В середине 19 в. Англия, победив Китай, навязала ему потребление дешевого опиума и разрушила его производительные силы ввозом дешевой английской мануфактуры — результатом стала сокращение населения Поднебесной за несколько десятилетий на 40 млн. чел (- 10 % населения).

И точно также за последние 20 лет более тринадцати миллионов человек стали в России жертвой господства истребительно-потребительской идеологии и разрушения производительных сил (опять — таки вымирание почти 10 % населения). И на эти миллионы погибших было наплевать даже тем, кто по своим должностным обязанностям должен был спешить на помощь. За то, чтобы услышать крик и стон погибающих, не было заплачено журналистам и прочим медийщикам. Зачем спасать ближнего своего, оказавшегося в беде — если тут ничего не получится сожрать или откусить.

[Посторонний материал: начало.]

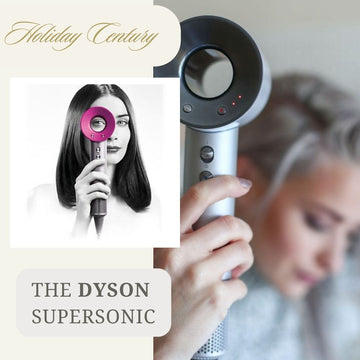 The Science Behind the Dyson Supersonic: How It Delivers Faster Drying and Healthier Hair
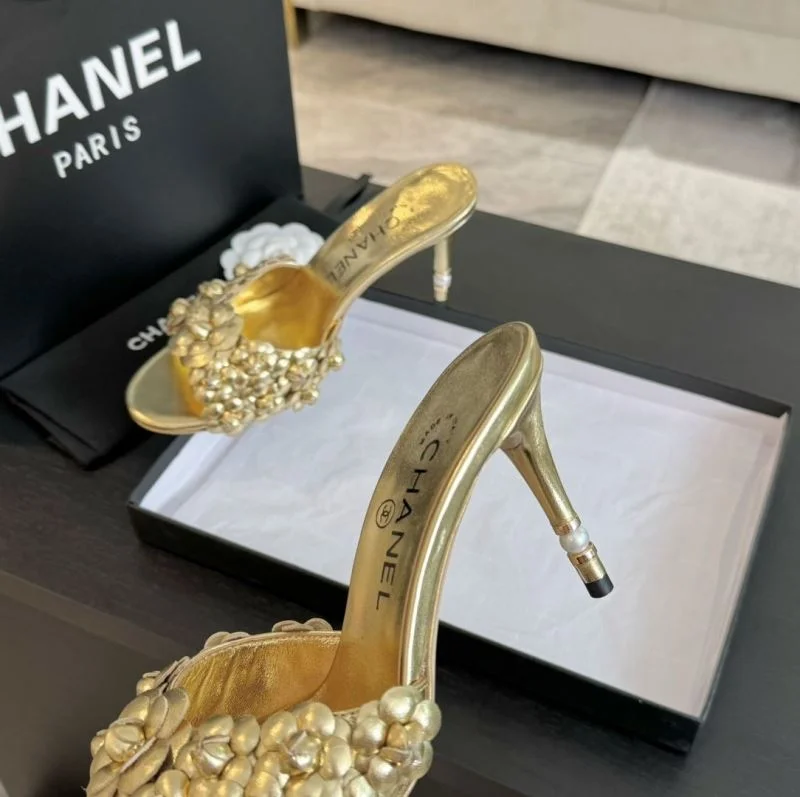 Comfortable Chanel Slippers 17660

Культ потребительства всегда дополняется безответственностью — оба эгоистических явления находились и находятся в симбиозе.

Но, как я уже упоминал, дело не сводится только к элите. Значительная часть народа также заражена потребительством и одновременно безразличием ко всему тому, что не сулит нового потребления. В пяти метрах от жруна-потребителя будут насиловать и убивать ребенка, а он не повернет головы, хотя завтра может наступить очередь его собственного отпрыска. Он будет на своей тачке «рассекать» с полной скоростью пешеходный переход, с восторгом потребляя мощь своего мотора, не задумываясь, что завтра его собственная мать не успеет выпорхнуть из-под колес чьей-то крутой тачки.

Вспомнить всё

Русского, из человека, способного к самопожертвованию «ради други своя», традиционно настроенного на солидарные и коллективные действия (чрезвычайно необходимым в природно-климатическом и геополитическом пространстве России), сделали атомом, если точнее ионом, который носит между электродами спроса и предложения.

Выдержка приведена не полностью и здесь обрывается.